* _Supplied entries_
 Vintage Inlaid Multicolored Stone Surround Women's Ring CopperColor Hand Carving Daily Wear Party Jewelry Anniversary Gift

---

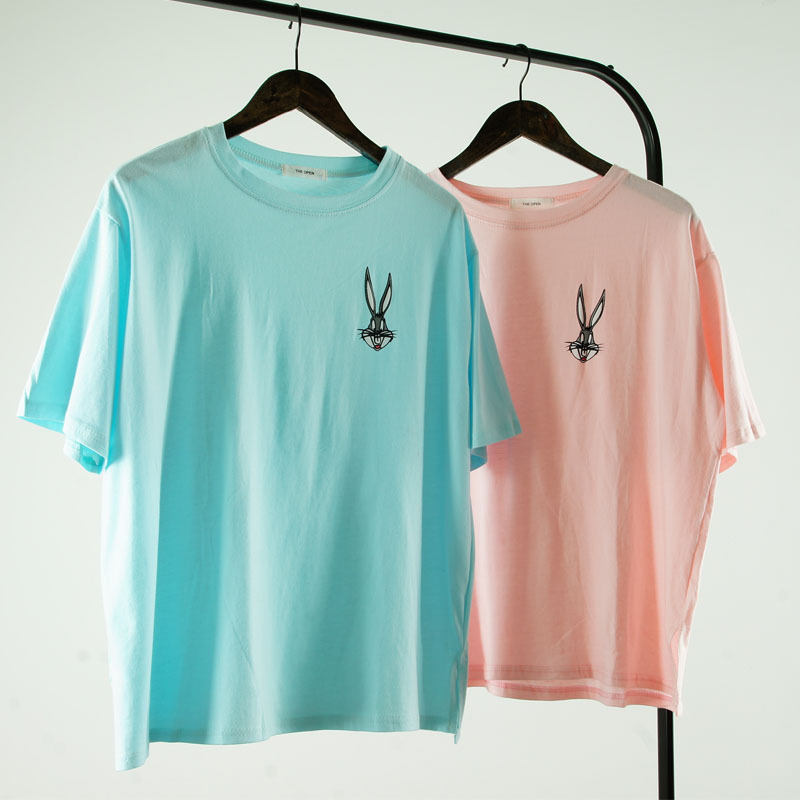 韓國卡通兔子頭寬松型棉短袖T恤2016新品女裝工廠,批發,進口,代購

--

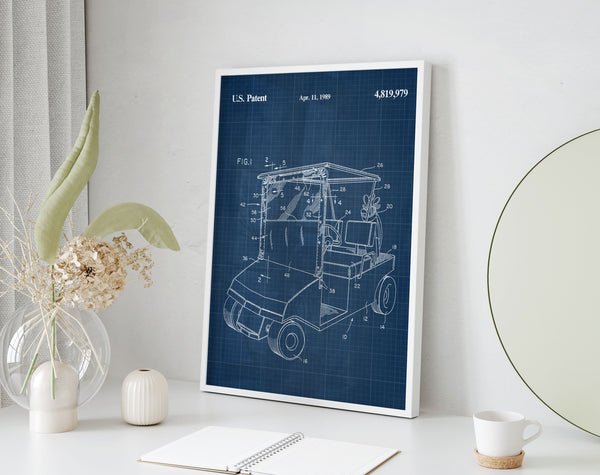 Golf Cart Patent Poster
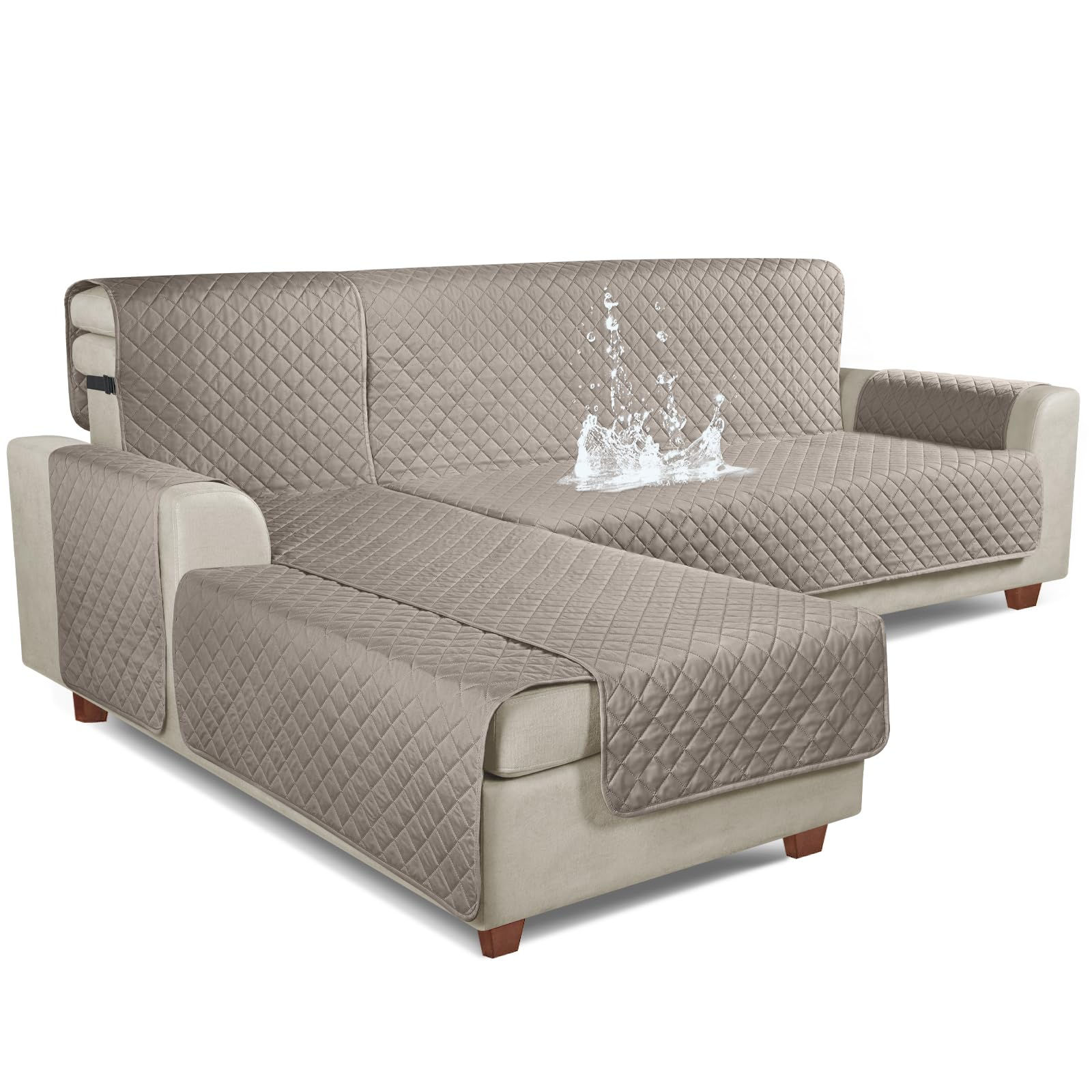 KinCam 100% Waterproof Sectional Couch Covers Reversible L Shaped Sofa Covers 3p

* _Exercise details_
Give the lines above again exactly, from the one containing "Golf Cart Patent Poster" to the one containing "KinCam 100% Waterproof", both included, but leave out the pictures.

* _The completed task_
 Golf Cart Patent Poster
 KinCam 100% Waterproof Sectional Couch Covers Reversible L Shaped Sofa Covers 3p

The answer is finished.